Location is San Francisco, Mountain View or Seattle
Job / Team Description :
The R&D Operations Organization is seeking a Senior Technical Program Manager (TPM) with a background in distributed AI, resource management, forecasting, capacity and strategic planning to join our team.
This role involves supporting platform operations, handling customer escalations, and monitoring cluster health.
Additionally, you'll ensure optimal compute resource allocation aligned with product, sales, and research priorities and drive decisions with data, analysis, and reporting in GenAI.
This job is fast-paced, cross-functional, and requires strong communication, prioritization, and organization skills. It involves a deep understanding of stakeholder management, and the ability to navigate an environment with passionate people intent on delivering valuable products.
The impact you will have :
Act as a single point of contact for escalations from sales and global support teams and help with various billing and support issues
Drive innovation and deliver high-quality products by ensuring that AI teams have the necessary GPU and resources.
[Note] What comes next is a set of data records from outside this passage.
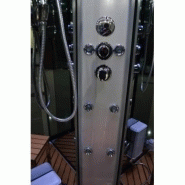 Cabine de douche hammam Lutèce® - 80x80 cm - Panneau digital, hydromassage, LED, Bluetooth et USB_3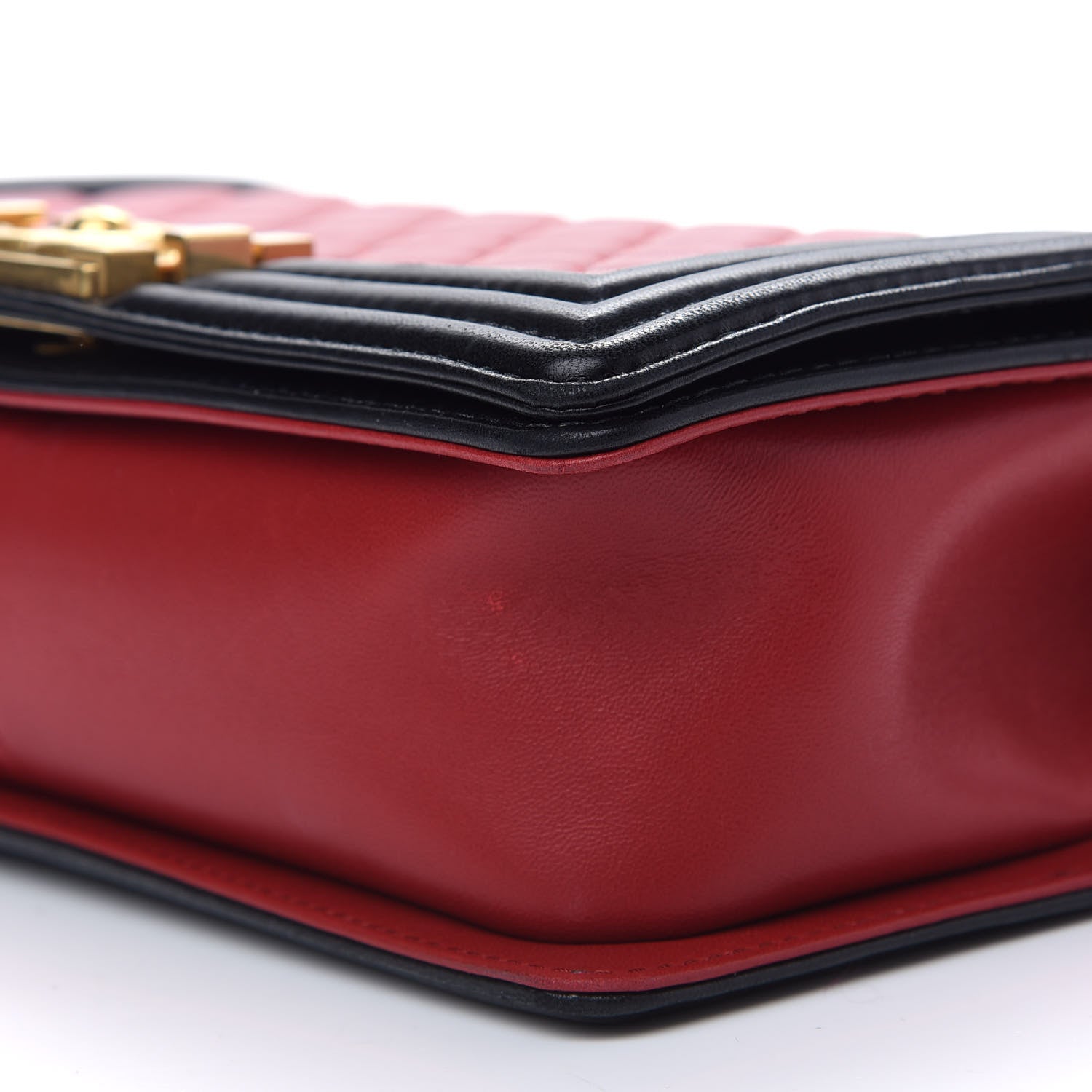 Chanel Lambskin Quilted Medium Boy Flap Dark Red Black 9 of 10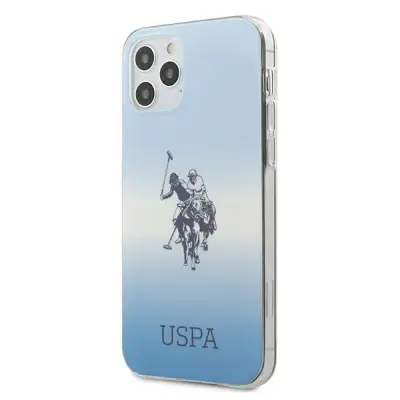 U.S. Polo Assn. Gradient Collection iPhone 12&12 Pro Skal Blå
Improve product margins by leading strategic initiatives to optimize GPU utilization and procurement.
Establish and maintain effective communication with technical and non-technical stakeholders and customers, including regular project updates, status reports, and presentations.
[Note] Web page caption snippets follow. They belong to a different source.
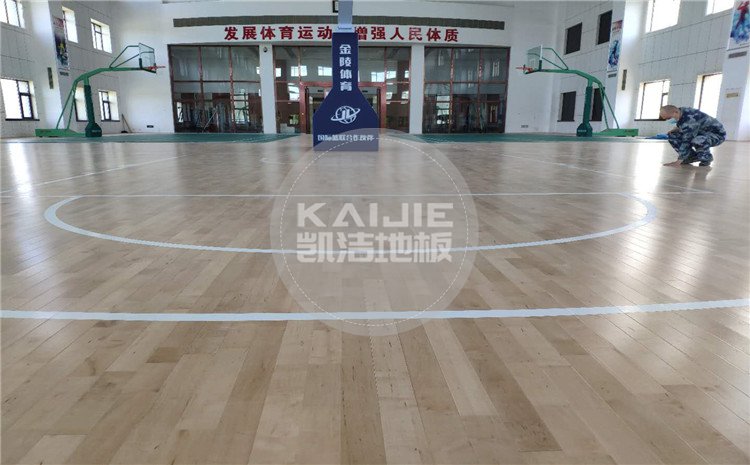 中國空中交通管制綜合訓(xùn)練場籃球館木地板案例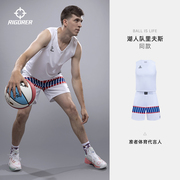 NBA湖人队里弗斯球衣同款准者篮球服套装团购比赛队定制球衣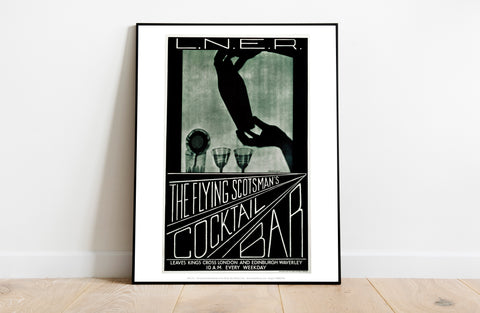 The Flying Scotsman's Cocktail Bar - Premium Art Print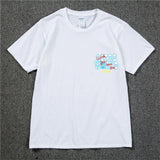 New Summer Hip Hop T Shirt Men Women Cactus Jack Harajuku T-Shirts WISH YOU WERE HERE Letter Print Tee Tops - Lootquake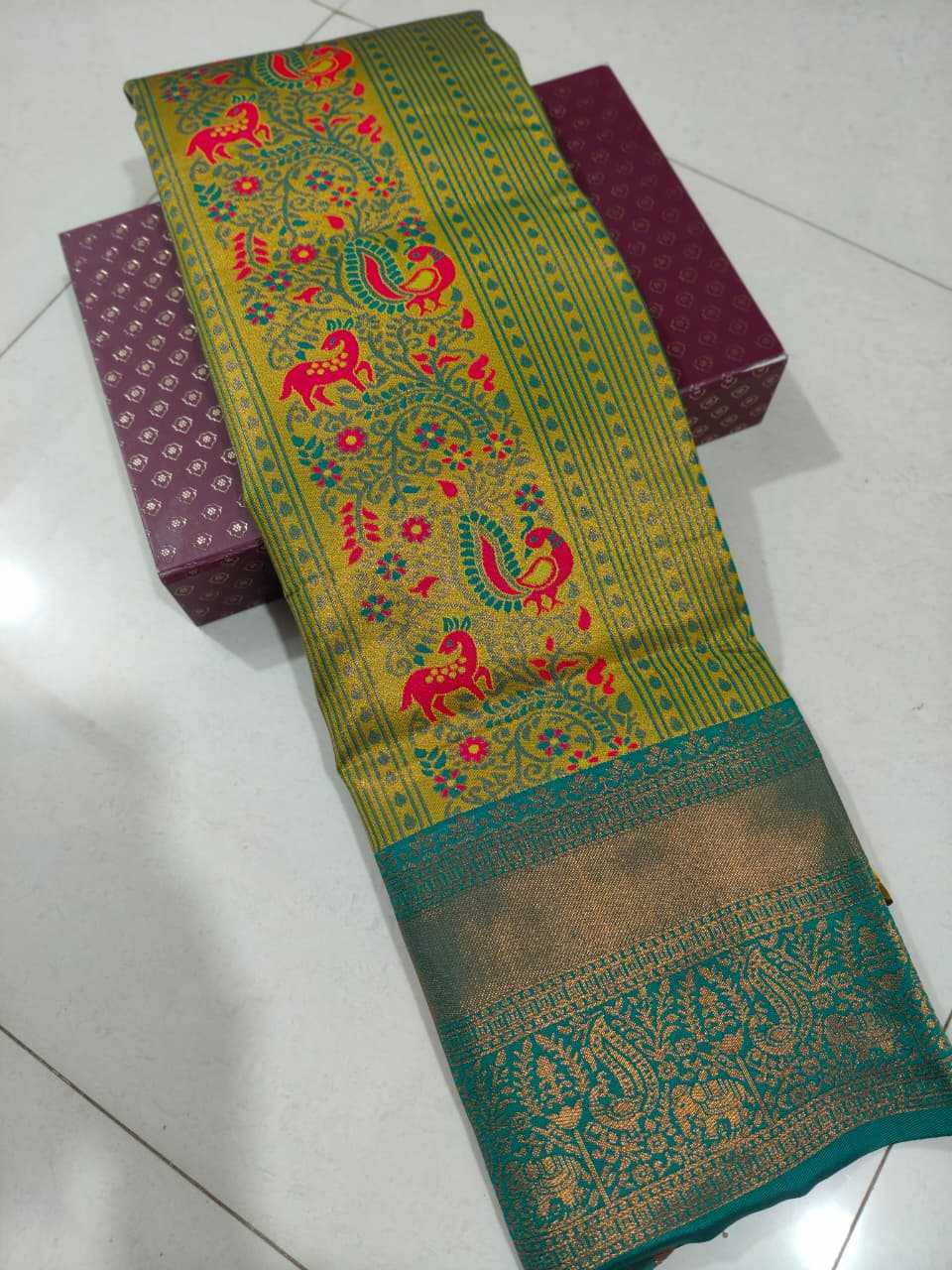 Ynf Silk KESH596 017 Silk Sarees Festive Collections Wholesale Traditional Silk Sarees Zari Border Silk Sarees Kanchipuram Silk Sarees Manufacturer- Kapda Export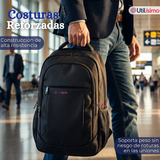 Mochila Multifuncional Ejecutiva Notebook Escolar Viaje Cabina Impermeable Resistente 49cm Negro 25L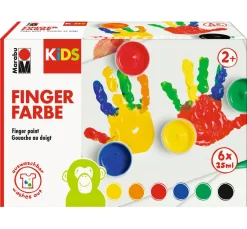 Hot Marabu KIDS FINGERFARBE 6ER SET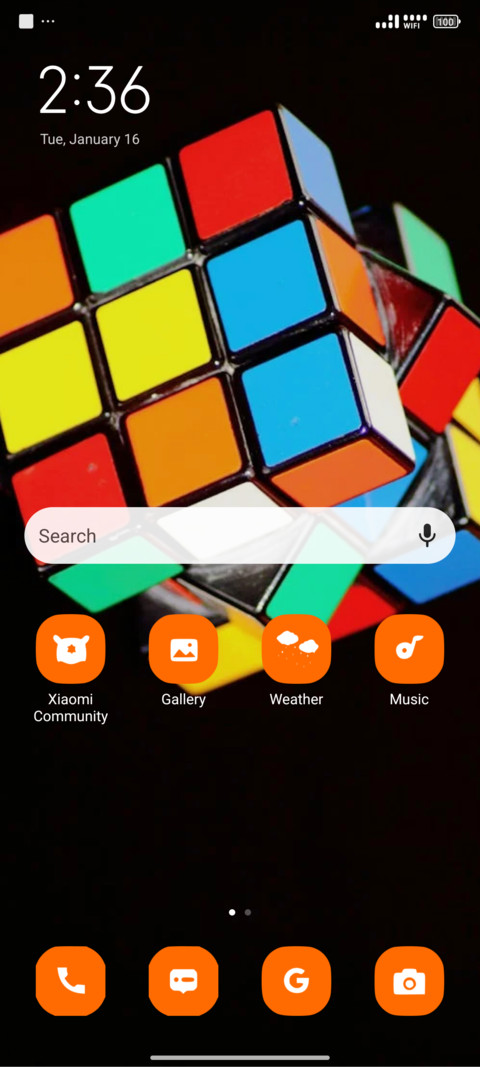 colorful cube screenshot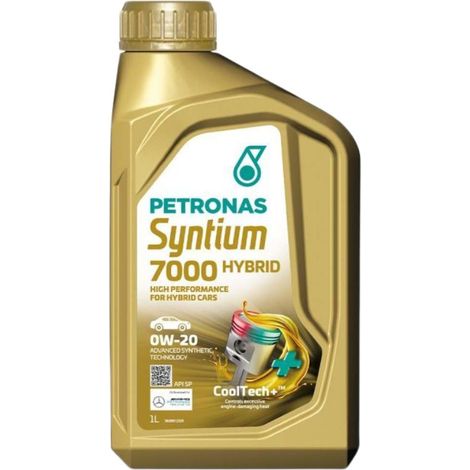 Huile moteur 0W-20 Syntium 7000 hybrid 1L PETRONAS
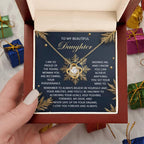 Gift for Daughter - On Your Dreams - Love Knot Pendant Necklace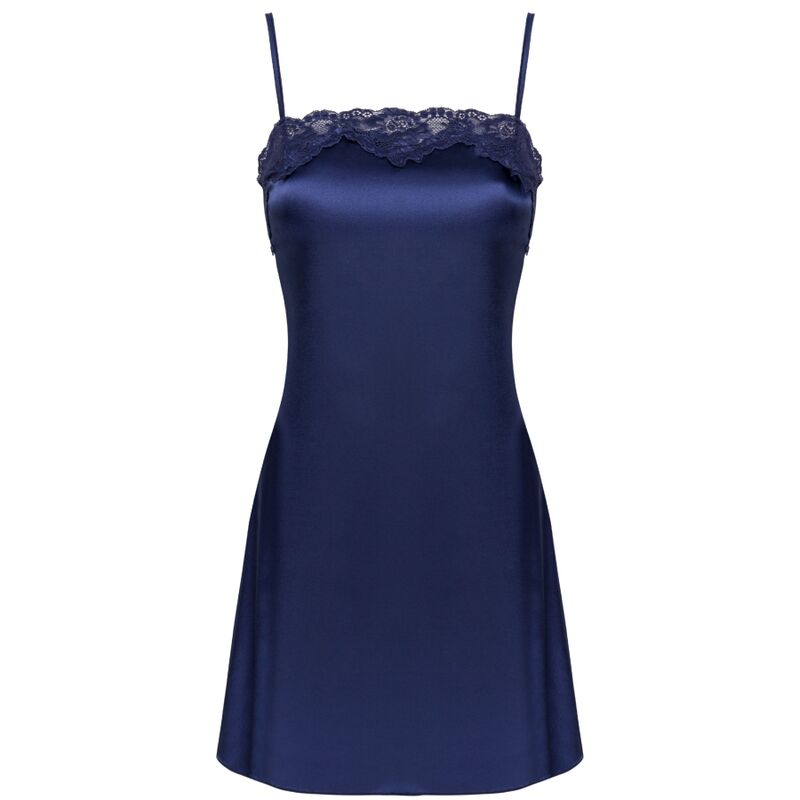 LIVCO CORSETTI FASHION - JACQUELINE LC 90249 ROUPÃO + CAMISA + CALCINHA AZUL MARINHO G/GG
Deliver step-level improvements with compute management, efficiency and scalability by identifying and implementing process improvements.
Ensure strategic alignment across Sales, Global Support, and Engineering
What we look for
5+ years of professional experience with a Computer Science Bachelor’s degree (or related degree) and related experience in technical program management, distributed platforms, resource management, execution and strategic planning.
Proven track record of driving cross-functional teams to deliver complex technical projects on time and with high quality.
Excellent communication, negotiation and analytical skills, with the ability to document standard operating procedures and processes
Advanced working SQL Knowledge, Ability to build and maintain analytics to track, forecast, and visualize consumption through ad-hoc SQL, reports, and dashboards
Experience performing root cause analysis on internal and external data and processes to answer specific business questions and identify opportunities for improvement.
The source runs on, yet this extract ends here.